I found that the error isn't from mwdumper but from the data dumps. the problem is that it is trying to put too much data and the column type is small. when i changed rev_comment from tinyblob to blob..it imported without errors. should it be changed in mediawiki or what?

jcsahnwaldt wrote:

As a workaround until the dump is fixed, mwdumper should make sure that a comment is at most 255 bytes long and truncate it if necessary. I implemented this fix and checked it in at http://dbpedia.svn.sourceforge.net/viewvc/dbpedia?view=rev&revision=1771 . Seems to fix that problem for me. Feel free to copy that code back to mediawiki if you want.
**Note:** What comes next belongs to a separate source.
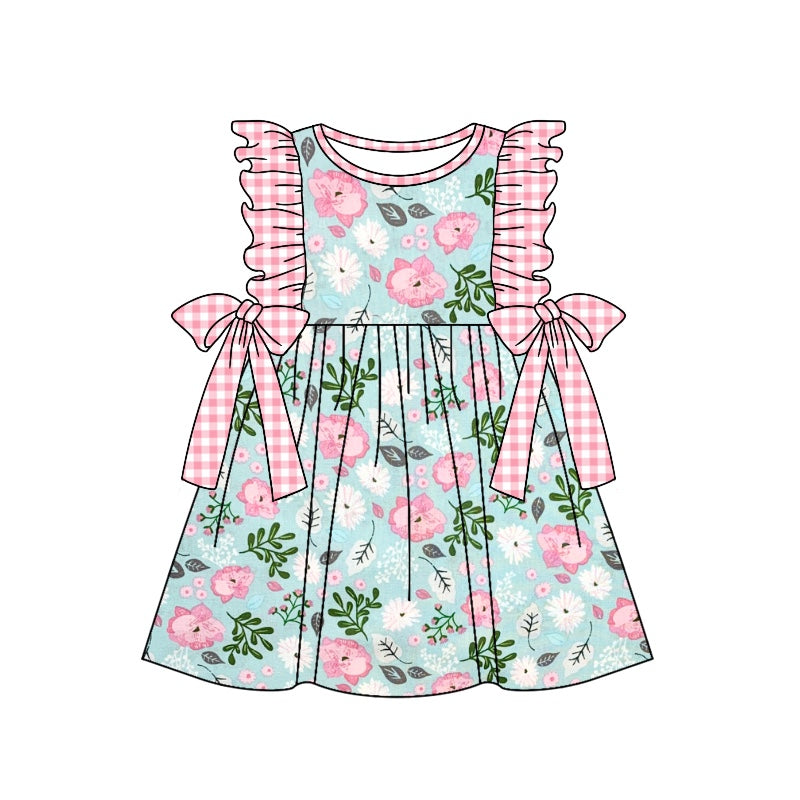 (Custom Design Preorder MOQ 5) Pink Flowers Print Girls Knee Length Summer Dress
Ahhhh ok I think I see the base issue -- if a 2-byte or 3-byte char is cut off at the 255-byte boundary when stored, it becomes an invalid char. The XML dump outputter runs UTF-8 validation and turns the bad char into a valid U+FFFD ... which is 3 bytes of UTF-8, over the 255-char limit again.

Yeah, this should be fixed in our DB and MediaWiki should be smarter about truncation, but in the meantime it should be easy to make mwdumper smarter for this too.

Created attachment 7263
truncate comment at 255 Bytes

It also works when you append

&jdbcCompliantTruncation=false

to the --output parameter.

But I have also add a patch to truncate the comment. Based on the implementation of Christopher Sahnwaldt (comment 4).

Attached:

jcsahnwaldt wrote:

Minor gripe: the patch uses String.isEmpty(), which was only added in JDK 1.6. Maybe use String.length() == 0 instead, so MWDumper still compiles under 1.5.
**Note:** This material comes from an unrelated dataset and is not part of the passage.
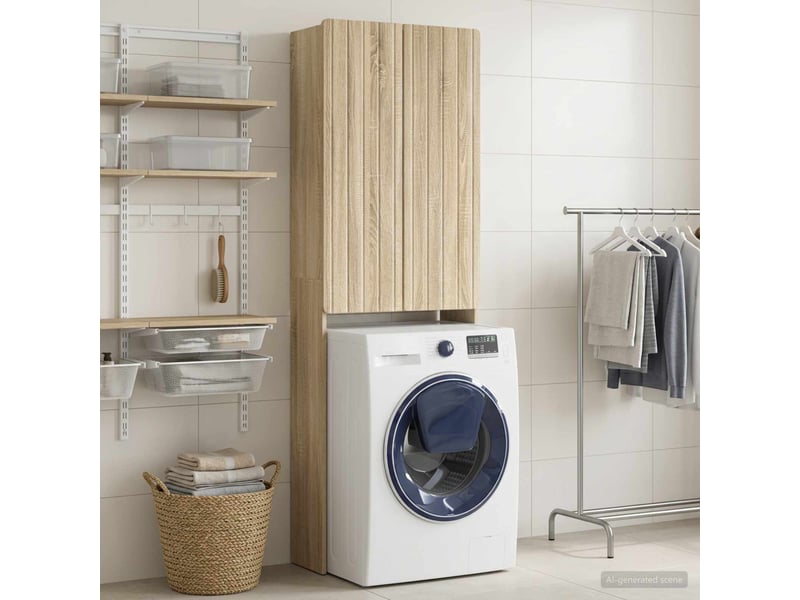  Armoire de toilette, meuble de toilette zwolle chêne sonoma 66x25.5x190 cm  - Conforama C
This doesn't suddently a blocker after 3 years of existence... :)

(In reply to comment #9)
Why it isn't? Mwdumper can't be used to import dumps because of this bug.

(In reply to comment #11)
Unfortunately it works only for the jdbc connector, and it's not a solution for the sql output, is it?

(In reply to comment #12)

(In reply to comment #11)
Unfortunately it works only for the jdbc connector, and it's not a solution for
the sql output, is it?

Yes, that is true. For the raw sql this is not a solution.

(In reply to comment #11)

See comment 6 for a workaround

Didn't work for me. Still gives Data too long for column 'rev_comment'.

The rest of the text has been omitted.